[The data]
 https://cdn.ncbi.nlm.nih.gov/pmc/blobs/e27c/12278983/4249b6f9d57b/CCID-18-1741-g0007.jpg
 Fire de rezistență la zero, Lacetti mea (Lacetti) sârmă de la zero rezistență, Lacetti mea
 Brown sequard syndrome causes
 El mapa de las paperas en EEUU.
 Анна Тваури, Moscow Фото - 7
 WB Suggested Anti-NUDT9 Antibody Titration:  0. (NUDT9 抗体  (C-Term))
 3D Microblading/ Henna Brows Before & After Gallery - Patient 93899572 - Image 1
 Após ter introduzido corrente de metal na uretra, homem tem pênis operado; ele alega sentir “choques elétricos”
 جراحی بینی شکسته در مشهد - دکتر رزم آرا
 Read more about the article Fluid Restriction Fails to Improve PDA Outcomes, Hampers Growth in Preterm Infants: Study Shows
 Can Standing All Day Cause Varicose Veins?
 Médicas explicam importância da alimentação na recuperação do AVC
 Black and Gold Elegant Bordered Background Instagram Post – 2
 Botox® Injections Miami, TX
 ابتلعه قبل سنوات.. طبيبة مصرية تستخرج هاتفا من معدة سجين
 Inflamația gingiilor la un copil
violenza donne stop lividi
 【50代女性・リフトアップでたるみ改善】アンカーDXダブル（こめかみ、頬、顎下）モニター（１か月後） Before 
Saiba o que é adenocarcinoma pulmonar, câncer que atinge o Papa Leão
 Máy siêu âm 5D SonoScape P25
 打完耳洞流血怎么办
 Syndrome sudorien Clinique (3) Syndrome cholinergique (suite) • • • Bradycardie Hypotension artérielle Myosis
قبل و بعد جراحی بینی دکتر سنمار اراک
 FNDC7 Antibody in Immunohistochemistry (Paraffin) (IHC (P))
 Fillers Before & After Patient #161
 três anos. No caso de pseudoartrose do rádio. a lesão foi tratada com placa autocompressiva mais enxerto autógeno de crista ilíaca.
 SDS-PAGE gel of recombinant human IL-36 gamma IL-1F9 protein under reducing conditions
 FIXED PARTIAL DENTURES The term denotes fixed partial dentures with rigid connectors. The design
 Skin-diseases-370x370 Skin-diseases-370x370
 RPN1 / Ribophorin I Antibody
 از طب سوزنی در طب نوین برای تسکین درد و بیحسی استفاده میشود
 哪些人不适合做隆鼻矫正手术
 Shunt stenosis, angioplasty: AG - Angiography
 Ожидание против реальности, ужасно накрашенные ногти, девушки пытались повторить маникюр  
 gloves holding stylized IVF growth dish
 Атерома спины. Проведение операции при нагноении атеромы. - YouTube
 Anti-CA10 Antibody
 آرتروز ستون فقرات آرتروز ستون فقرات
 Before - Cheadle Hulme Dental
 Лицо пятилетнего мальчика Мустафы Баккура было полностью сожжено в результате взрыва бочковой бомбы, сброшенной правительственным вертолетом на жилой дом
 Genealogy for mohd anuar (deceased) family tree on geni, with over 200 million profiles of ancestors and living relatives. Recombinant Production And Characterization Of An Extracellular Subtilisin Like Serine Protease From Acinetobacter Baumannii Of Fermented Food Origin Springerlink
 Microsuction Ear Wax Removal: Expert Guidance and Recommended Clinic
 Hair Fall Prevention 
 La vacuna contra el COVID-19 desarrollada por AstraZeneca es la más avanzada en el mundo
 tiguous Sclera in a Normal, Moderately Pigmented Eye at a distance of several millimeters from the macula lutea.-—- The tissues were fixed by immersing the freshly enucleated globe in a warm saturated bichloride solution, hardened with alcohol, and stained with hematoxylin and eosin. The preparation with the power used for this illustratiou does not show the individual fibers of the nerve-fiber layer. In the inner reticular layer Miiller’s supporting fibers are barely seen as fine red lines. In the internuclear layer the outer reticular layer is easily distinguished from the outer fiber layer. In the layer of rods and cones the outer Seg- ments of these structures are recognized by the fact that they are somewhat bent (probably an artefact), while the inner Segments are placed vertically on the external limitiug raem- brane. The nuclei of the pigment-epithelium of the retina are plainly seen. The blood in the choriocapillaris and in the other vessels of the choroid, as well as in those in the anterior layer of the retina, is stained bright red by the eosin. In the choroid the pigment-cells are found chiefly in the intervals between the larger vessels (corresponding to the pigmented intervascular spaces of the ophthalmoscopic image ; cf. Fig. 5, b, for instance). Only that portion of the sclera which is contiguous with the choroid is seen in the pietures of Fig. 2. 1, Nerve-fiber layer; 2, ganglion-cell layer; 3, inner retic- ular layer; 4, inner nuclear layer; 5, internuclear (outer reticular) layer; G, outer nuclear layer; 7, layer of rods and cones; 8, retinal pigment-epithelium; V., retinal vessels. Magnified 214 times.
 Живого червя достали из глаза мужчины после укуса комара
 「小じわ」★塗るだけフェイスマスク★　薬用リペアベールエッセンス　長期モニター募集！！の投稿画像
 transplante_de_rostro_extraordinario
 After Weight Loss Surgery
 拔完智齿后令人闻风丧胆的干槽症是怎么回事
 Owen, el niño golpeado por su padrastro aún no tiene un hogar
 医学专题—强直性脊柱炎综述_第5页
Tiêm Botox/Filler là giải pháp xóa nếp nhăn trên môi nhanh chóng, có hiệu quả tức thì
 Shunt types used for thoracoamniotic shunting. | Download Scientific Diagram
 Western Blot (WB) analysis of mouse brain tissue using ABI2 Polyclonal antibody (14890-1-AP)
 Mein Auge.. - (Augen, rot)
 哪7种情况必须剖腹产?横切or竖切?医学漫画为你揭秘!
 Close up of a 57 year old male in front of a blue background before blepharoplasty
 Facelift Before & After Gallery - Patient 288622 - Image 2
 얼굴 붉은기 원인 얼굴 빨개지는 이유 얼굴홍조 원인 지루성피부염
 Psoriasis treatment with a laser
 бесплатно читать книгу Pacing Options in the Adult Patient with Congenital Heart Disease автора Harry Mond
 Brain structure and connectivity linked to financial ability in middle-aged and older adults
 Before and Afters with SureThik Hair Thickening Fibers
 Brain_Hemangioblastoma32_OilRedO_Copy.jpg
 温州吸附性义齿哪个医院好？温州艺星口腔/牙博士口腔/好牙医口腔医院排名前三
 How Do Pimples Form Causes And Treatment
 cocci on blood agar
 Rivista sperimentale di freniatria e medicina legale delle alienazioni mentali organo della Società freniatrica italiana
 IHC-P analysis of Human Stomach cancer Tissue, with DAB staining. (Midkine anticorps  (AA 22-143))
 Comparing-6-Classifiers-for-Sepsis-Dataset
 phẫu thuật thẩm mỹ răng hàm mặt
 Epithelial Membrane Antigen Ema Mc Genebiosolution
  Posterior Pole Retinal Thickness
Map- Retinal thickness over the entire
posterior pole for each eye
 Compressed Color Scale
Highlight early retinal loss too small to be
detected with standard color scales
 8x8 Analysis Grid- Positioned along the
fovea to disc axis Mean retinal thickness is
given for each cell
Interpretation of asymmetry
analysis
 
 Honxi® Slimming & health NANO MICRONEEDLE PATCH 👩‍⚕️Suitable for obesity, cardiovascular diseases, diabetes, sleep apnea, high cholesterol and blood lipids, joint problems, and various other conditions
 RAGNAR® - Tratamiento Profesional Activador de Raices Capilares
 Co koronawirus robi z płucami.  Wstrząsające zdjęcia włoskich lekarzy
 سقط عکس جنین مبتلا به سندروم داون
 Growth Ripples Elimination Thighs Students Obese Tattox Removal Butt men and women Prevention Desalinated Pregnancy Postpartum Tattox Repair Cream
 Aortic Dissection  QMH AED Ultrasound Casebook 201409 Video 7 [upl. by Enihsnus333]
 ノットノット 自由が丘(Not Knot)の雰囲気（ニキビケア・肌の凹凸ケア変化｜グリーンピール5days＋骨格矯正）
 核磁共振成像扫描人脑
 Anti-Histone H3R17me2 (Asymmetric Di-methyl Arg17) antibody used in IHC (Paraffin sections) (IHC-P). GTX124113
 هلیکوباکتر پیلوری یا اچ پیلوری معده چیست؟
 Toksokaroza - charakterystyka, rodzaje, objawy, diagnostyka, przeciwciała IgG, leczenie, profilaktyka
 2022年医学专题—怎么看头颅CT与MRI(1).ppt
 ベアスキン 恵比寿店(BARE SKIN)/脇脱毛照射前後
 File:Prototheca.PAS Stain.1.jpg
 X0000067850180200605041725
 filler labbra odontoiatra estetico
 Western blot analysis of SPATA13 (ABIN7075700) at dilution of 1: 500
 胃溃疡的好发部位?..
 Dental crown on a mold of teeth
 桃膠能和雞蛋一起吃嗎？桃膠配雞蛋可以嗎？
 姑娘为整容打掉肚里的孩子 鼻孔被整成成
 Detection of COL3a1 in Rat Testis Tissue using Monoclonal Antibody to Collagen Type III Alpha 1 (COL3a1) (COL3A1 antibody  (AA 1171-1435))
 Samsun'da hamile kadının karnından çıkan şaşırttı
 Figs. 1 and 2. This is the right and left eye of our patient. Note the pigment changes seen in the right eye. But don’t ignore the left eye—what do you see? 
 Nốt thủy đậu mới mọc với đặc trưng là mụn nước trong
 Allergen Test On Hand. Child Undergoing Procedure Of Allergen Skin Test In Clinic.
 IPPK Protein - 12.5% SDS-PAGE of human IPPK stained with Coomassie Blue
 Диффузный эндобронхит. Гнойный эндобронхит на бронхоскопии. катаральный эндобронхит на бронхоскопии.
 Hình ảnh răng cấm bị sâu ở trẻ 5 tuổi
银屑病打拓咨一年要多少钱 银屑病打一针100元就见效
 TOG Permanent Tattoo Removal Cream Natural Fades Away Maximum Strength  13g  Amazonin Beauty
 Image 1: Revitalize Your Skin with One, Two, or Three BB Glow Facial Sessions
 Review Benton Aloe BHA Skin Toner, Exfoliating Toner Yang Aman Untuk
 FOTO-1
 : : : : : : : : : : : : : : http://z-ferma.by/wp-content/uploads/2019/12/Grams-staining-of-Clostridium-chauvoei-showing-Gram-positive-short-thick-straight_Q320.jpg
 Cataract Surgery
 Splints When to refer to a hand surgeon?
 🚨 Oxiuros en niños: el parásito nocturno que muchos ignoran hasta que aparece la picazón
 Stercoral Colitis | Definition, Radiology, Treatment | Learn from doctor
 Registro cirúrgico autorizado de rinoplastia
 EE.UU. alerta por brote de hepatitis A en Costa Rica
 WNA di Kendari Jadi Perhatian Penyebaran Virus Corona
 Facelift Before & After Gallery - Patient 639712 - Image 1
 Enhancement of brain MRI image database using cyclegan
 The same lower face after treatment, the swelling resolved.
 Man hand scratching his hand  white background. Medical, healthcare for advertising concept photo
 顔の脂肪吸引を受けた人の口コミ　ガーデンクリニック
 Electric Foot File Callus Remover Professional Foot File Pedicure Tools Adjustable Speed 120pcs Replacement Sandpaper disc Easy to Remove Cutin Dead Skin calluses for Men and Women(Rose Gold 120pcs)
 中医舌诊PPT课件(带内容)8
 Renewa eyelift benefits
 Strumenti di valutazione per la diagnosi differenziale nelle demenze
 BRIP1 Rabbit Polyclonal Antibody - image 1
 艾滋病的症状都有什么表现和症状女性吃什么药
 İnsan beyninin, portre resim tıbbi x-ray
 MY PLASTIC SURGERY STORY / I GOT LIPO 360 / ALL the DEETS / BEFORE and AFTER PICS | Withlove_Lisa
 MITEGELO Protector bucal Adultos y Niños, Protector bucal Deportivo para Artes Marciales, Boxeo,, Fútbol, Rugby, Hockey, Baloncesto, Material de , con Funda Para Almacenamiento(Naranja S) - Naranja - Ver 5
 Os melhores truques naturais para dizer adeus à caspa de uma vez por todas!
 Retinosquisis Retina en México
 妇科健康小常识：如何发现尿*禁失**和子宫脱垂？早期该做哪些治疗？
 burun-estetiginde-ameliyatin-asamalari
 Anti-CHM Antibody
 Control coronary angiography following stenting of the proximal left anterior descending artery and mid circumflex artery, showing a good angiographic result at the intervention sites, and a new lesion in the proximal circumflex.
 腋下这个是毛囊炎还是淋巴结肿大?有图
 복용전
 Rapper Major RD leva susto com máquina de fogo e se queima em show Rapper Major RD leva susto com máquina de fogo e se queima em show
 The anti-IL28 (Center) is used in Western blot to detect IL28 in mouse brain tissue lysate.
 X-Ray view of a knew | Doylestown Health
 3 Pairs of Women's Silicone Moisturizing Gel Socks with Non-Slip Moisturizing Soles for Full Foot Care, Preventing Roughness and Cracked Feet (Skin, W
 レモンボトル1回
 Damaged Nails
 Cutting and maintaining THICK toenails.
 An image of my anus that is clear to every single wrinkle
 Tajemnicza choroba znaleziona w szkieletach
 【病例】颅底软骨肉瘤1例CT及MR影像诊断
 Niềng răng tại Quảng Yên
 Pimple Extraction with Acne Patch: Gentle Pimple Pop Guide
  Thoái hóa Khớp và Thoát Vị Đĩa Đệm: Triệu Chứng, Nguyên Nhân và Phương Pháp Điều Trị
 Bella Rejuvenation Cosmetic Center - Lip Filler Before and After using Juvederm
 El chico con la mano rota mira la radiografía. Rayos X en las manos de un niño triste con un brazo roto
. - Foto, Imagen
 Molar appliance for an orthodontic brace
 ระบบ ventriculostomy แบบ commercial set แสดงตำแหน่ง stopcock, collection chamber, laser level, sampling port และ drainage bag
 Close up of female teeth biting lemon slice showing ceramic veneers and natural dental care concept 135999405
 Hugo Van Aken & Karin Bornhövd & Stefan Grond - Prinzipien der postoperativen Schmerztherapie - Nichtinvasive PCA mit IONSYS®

[What is being asked]
Read through the entries above, and wherever a line holds the string "diseases", copy it.

[Response to the task]
 Skin-diseases-370x370 Skin-diseases-370x370
 Honxi® Slimming & health NANO MICRONEEDLE PATCH 👩‍⚕️Suitable for obesity, cardiovascular diseases, diabetes, sleep apnea, high cholesterol and blood lipids, joint problems, and various other conditions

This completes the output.